Nancy

3 August 2013

I wrote the following about my sister, Nancy (from whom I was estranged for nearly 10 years prior to two weeks ago) in May of 2011. This girl is so very beautiful, inside and out. And a kind of soul mate. No words can convey how much love I have for her, and always had. I simply adore her. And that's an understatement. Best friend, comrade, confidante, sister ~ she is all these things to me. I am so happy to have her back in my life. This time I will not let go. 
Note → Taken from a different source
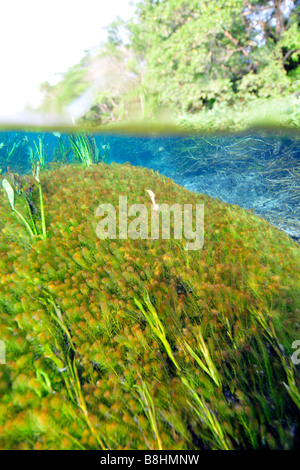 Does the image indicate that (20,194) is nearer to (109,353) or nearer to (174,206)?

You know that I love you? From the moment I first saw you, I loved you, a beautiful stranger, my sister. Even the very sound of your name, sparks my heart to skip a beat. Even when it's not you, but someone else with that same name. Yes my heart flutters at the very sound of your name, at the very thought of you, sister. Ah, but I, a mere child, and so naive, could not understand where you'd been, the things that happened to you, and the hatred and rage which festered in your heart. I grew up watching our mother grieve for you, her lost little girl. And, so, I could not imagine how you couldn't know that she loved you. I thought that love, mine, could make us sisters, real sisters, such as I never, ever had, but always dreamed about. How could I know that, some of that hatred and rage, you'd saved for me? How could I know, in my child-like way, that you hated me simply because I had what you did not ~ our mother? How could an awkward little girl like me envision myself a symbol of your painful, love starved childhood? I want to beg forgiveness for my childish naivety. I want to beg forgiveness for all the things your child-self suffered, in the absence of a mother. I want to beg forgiveness for every moment in your life that starved you from the most basic, life-sustaining element ~ love. But how should you forgive me, for the sins of others, others who have long left this earthly life? I want to understand this thing, this force, that both draws us toward and repels us away from each other. It defies logic. Love defies logic. And the more I loved, the stronger my anger became. Anger at your rejection of me. Anger at learning that love cannot and will not repair everything that has broken. You entered adulthood with a bruised and broken spirit, believing that blame would bring you healing. And when you finally found your scapegoats, did the healing begin? Only you can answer that question. Just as only you can reconcile the fact that you've spent so much time angry for the pain and deprivation of your childhood, time that you could have spent reveling in that one thing you have so longed for ~ a mother. I love you still. I suppose I never stopped, though I believed for a long time in the mutual exclusivity of anger and love. I suppose I had yet to learn that anger doesn't exist without love. Now I know. My heart has always had room enough for ambivalence. And so, I love you. Still. Even if only from afar.